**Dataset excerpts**

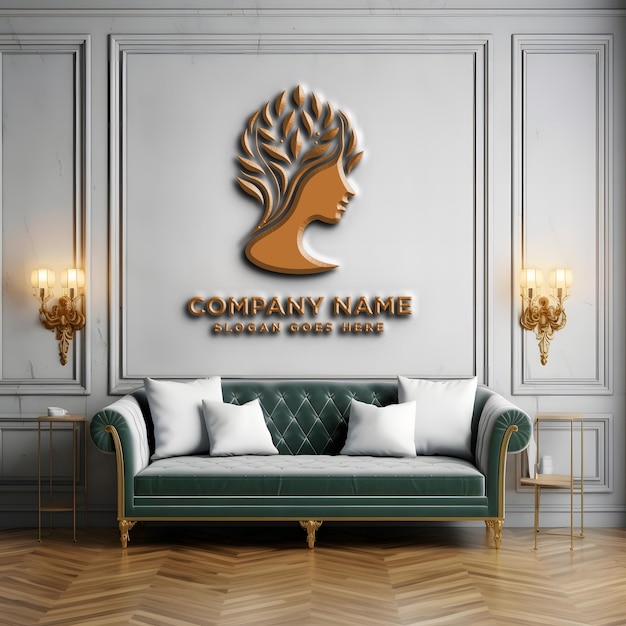 3d logo mockup wall office company branding display background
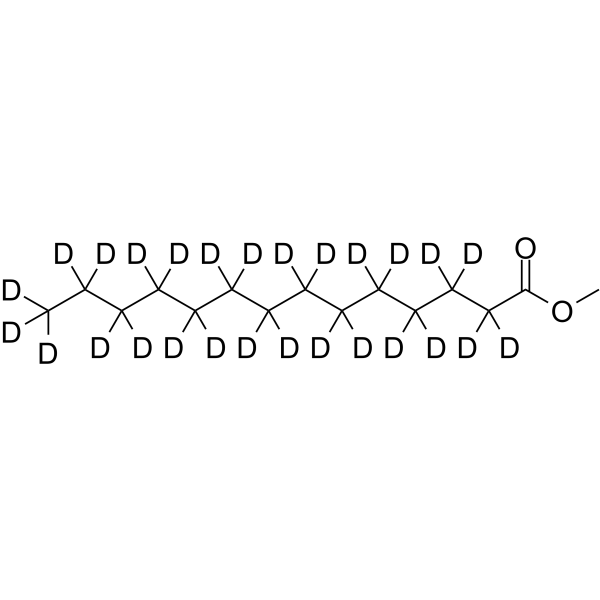 Methyl tetradecanoate-d27 Chemical Structure Methyl tetradecanoate-d27(Synonyms: Myristic acid methyl ester-d27)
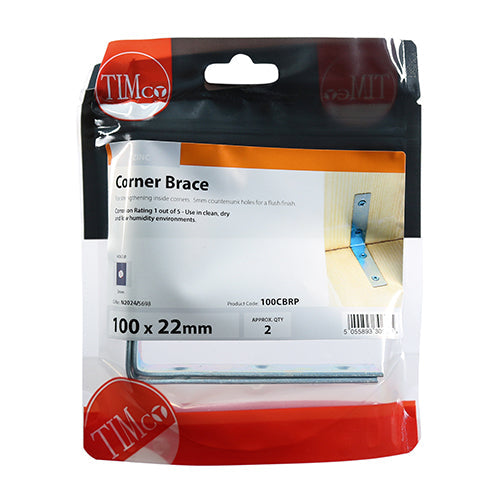 Corner Brace - BZP - 100 x 100 x 22 (Pack 4)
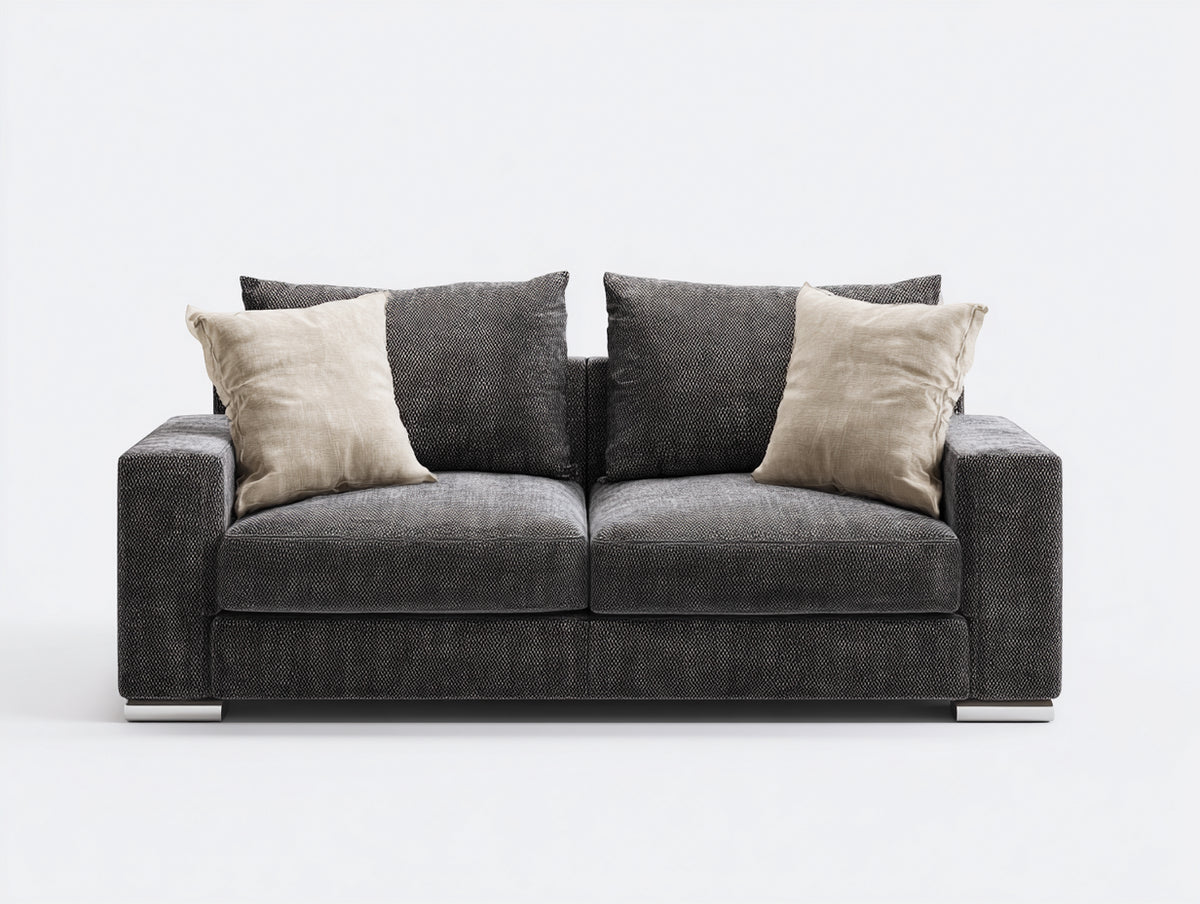 Zweisitzer Sofa 200 x 90 x 85 cm Stoffbezug in Grau gepolstert modernes Design für Wohnzimmer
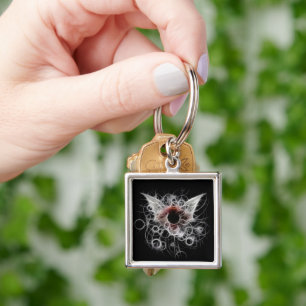 Winged Eye Abstract Key Ring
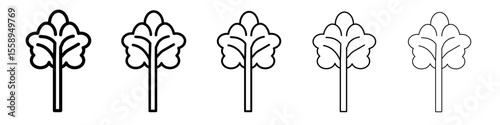 Tree Icon Single vector thin outline style sign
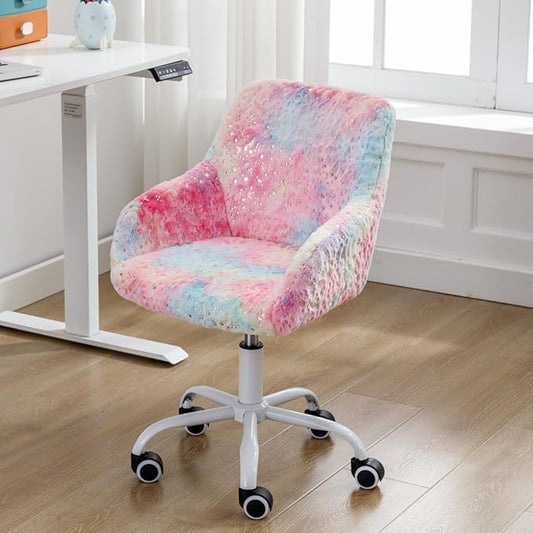 Kids Desk Chair Cute Swivel Reading Chair, Upholstered Adjustable Faux Fur Study Chair with White Wheels for Reading Room Bedroom, Colorful
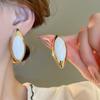 Retro Oil Drop, Water Drop, Geometric Silver Needle Stud Earrings, French Simple and Unique Niche Temperament, High-end Earrings for Women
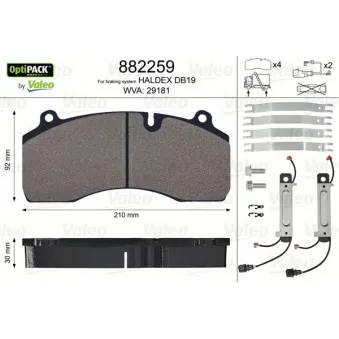Jeu de 4 plaquettes de frein arrière VALEO 882259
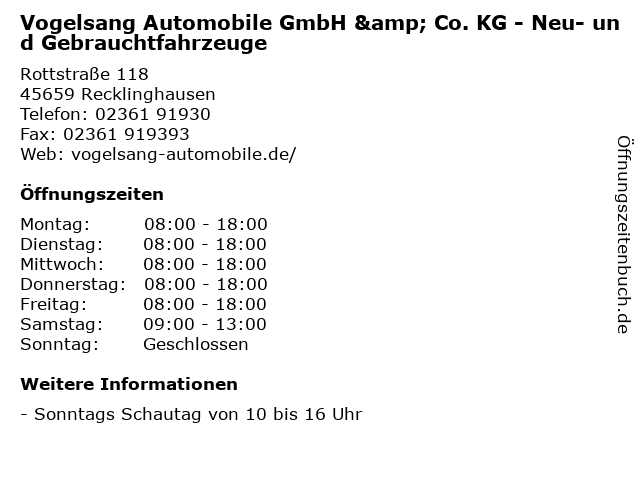 Vogelsang Automobile GmbH & Co. KG - Neu- und Gebrauchtfahrzeuge in Recklinghausen: Adresse und Öffnungszeiten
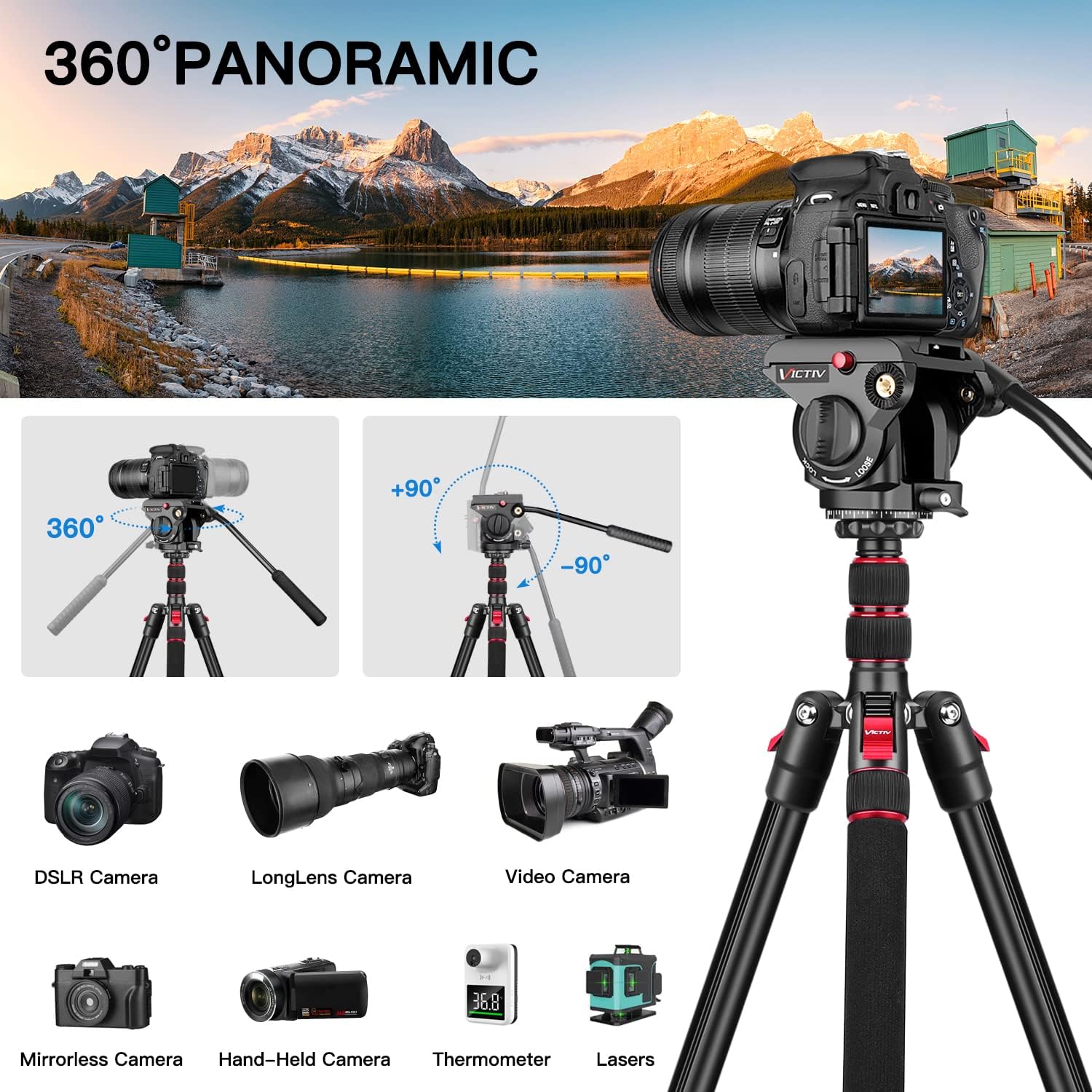 Video Tripod, 72" Heavy Duty Fluid Head Camera Tripod with Carry Bag | Professional Aluminum Camera Tripod Stand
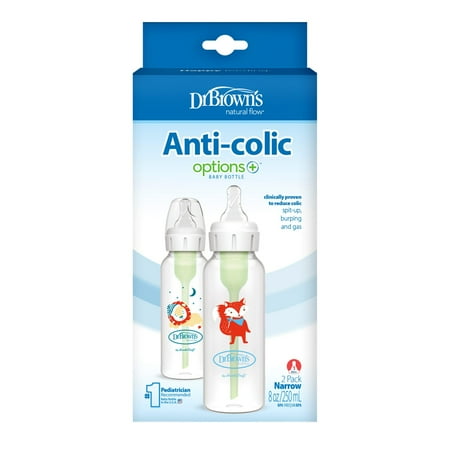 Dr. Brown s Options+ Narrow 8oz 2PK Animal Deco Bottles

**Exercise description**
Repeat each line of the records exactly. Do not include the pictures.

**Exercise solution**
 3d logo mockup wall office company branding display background
 Methyl tetradecanoate-d27 Chemical Structure Methyl tetradecanoate-d27(Synonyms: Myristic acid methyl ester-d27)
 Corner Brace - BZP - 100 x 100 x 22 (Pack 4)
 Zweisitzer Sofa 200 x 90 x 85 cm Stoffbezug in Grau gepolstert modernes Design für Wohnzimmer
 Winged Eye Abstract Key Ring
 Tree Icon Single vector thin outline style sign
 Kids Desk Chair Cute Swivel Reading Chair, Upholstered Adjustable Faux Fur Study Chair with White Wheels for Reading Room Bedroom, Colorful
 Retro Oil Drop, Water Drop, Geometric Silver Needle Stud Earrings, French Simple and Unique Niche Temperament, High-end Earrings for Women
Jeu de 4 plaquettes de frein arrière VALEO 882259
 Vogelsang Automobile GmbH & Co. KG - Neu- und Gebrauchtfahrzeuge in Recklinghausen: Adresse und Öffnungszeiten
 Video Tripod, 72" Heavy Duty Fluid Head Camera Tripod with Carry Bag | Professional Aluminum Camera Tripod Stand
 Dr. Brown s Options+ Narrow 8oz 2PK Animal Deco Bottles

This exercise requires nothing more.